WHAT YOU NEED TO DO: From the listing that follows, reproduce only the lines from the one holding "Black leather biker" through the one holding "Zoya Latest Collection", both included, with no pictures.

PROVIDED ENTRIES:
● ● ● ●
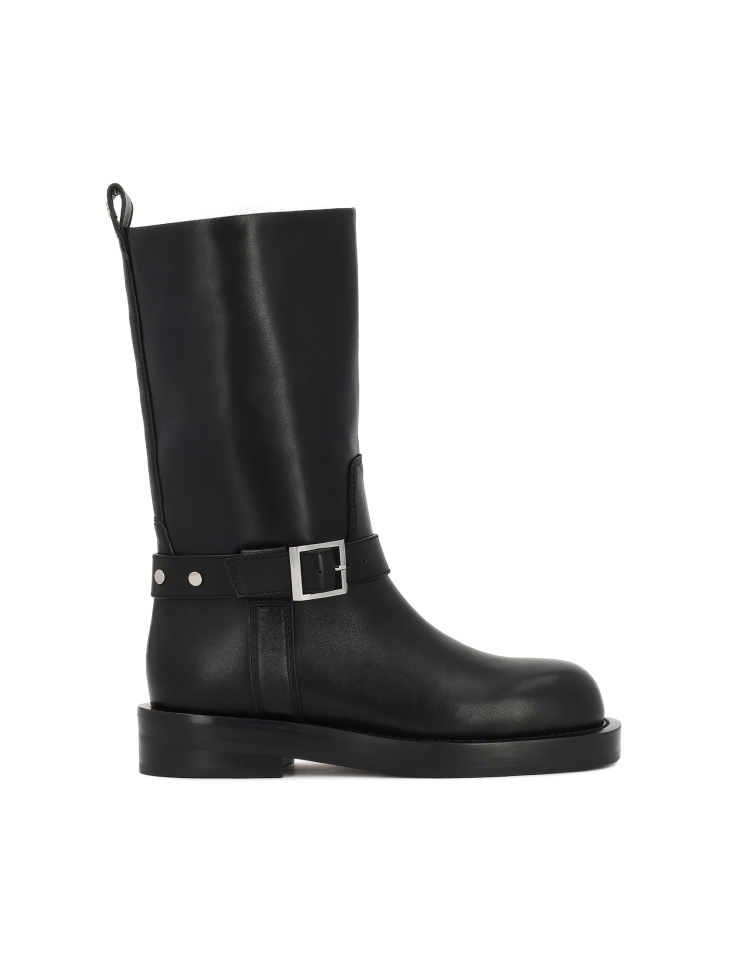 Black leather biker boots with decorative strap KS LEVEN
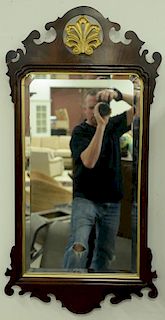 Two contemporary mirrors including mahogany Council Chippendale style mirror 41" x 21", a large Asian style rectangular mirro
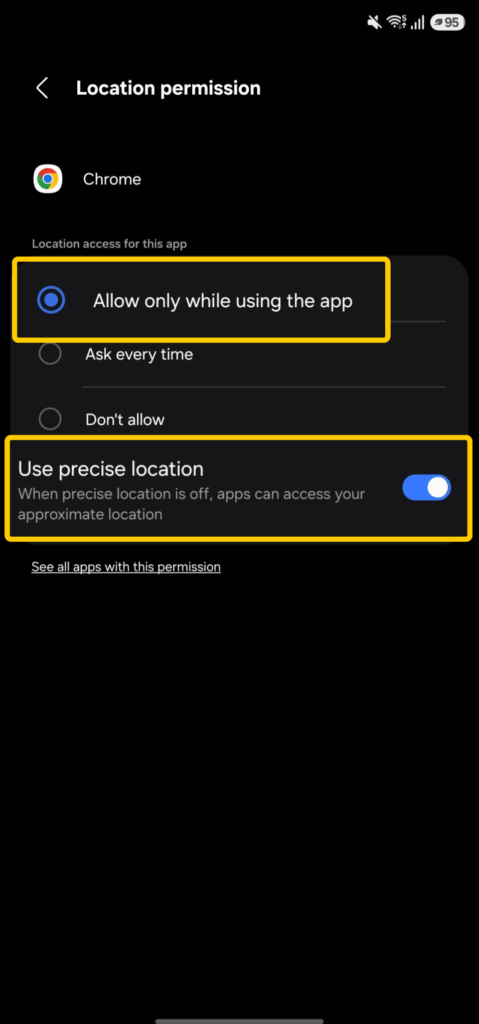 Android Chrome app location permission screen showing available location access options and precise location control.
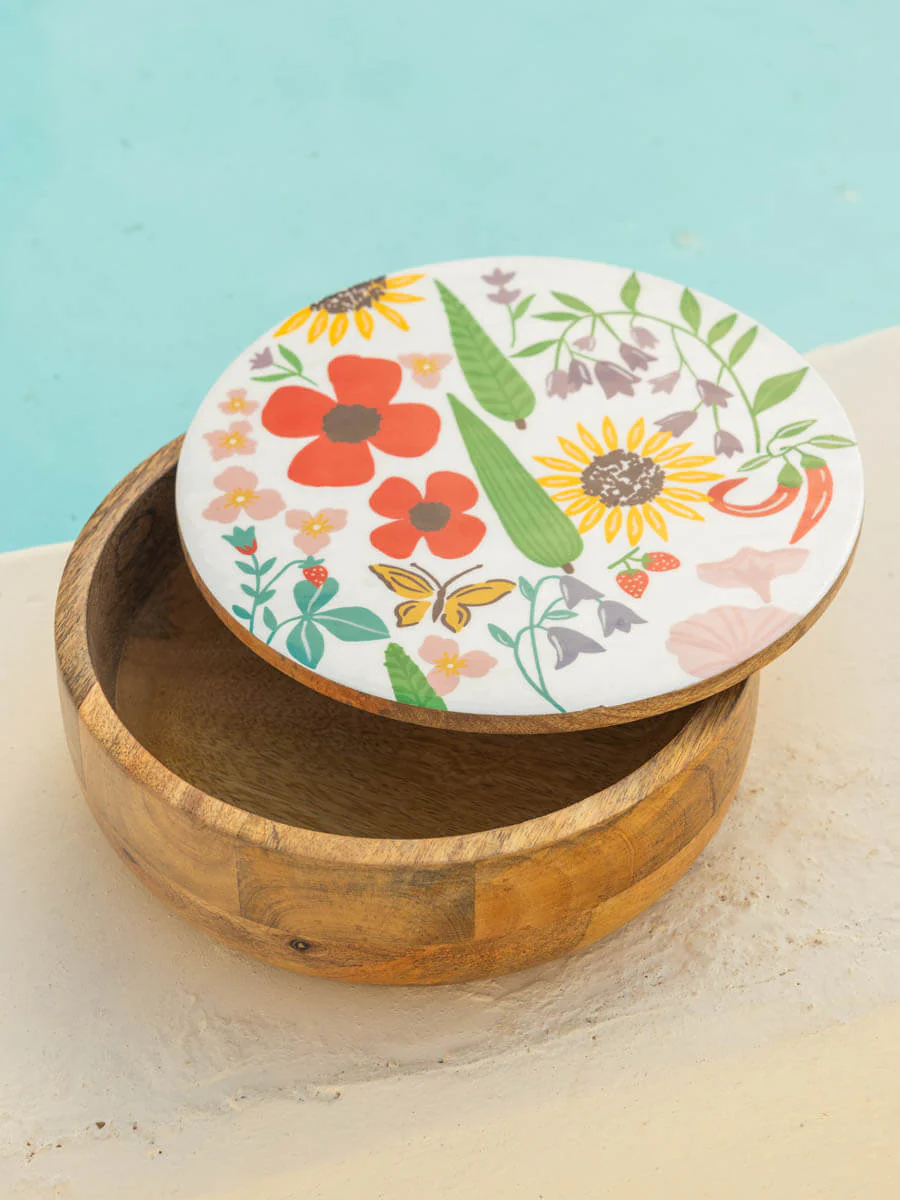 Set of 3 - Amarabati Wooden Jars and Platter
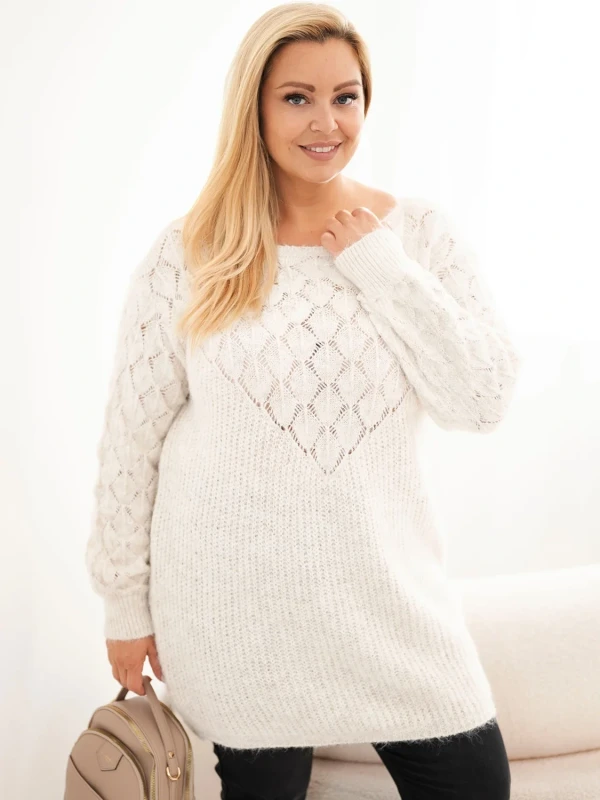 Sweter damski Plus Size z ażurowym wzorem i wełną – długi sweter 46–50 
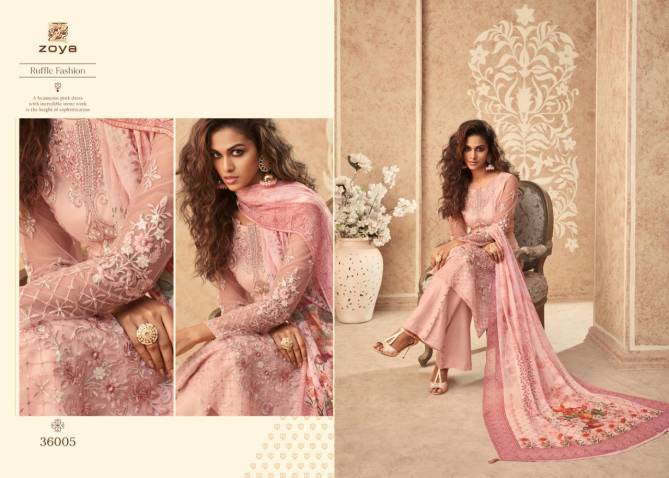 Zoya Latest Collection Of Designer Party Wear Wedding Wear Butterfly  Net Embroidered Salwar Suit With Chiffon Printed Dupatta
● ● ● ●
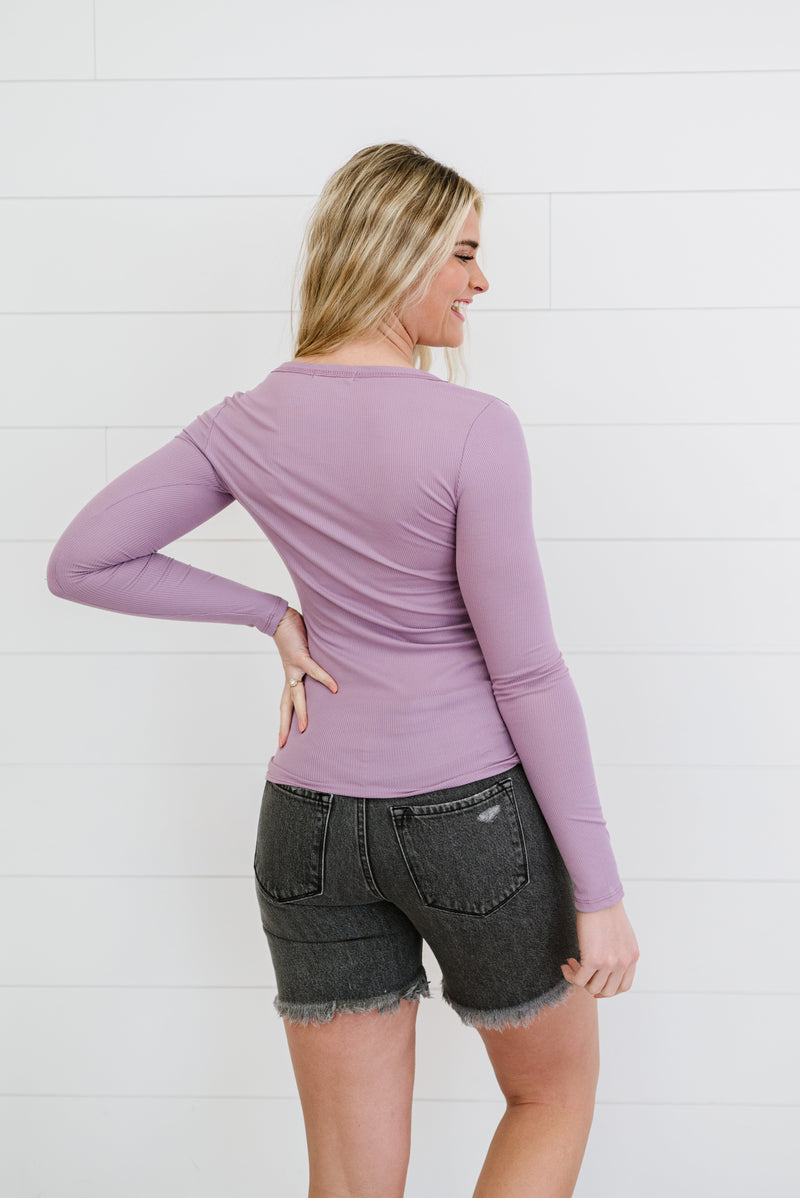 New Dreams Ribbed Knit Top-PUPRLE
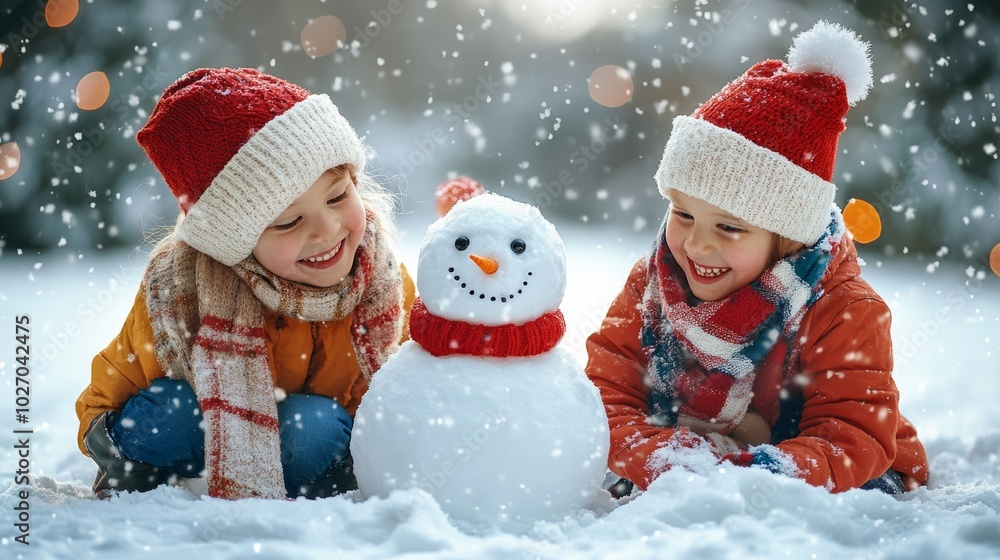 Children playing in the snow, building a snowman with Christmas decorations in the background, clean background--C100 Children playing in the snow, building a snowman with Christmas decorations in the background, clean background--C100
● ● ● ●
ANSWER BOX:
 Black leather biker boots with decorative strap KS LEVEN
 Two contemporary mirrors including mahogany Council Chippendale style mirror 41" x 21", a large Asian style rectangular mirro
 Android Chrome app location permission screen showing available location access options and precise location control.
 Set of 3 - Amarabati Wooden Jars and Platter
 Sweter damski Plus Size z ażurowym wzorem i wełną – długi sweter 46–50 
 Zoya Latest Collection Of Designer Party Wear Wedding Wear Butterfly  Net Embroidered Salwar Suit With Chiffon Printed Dupatta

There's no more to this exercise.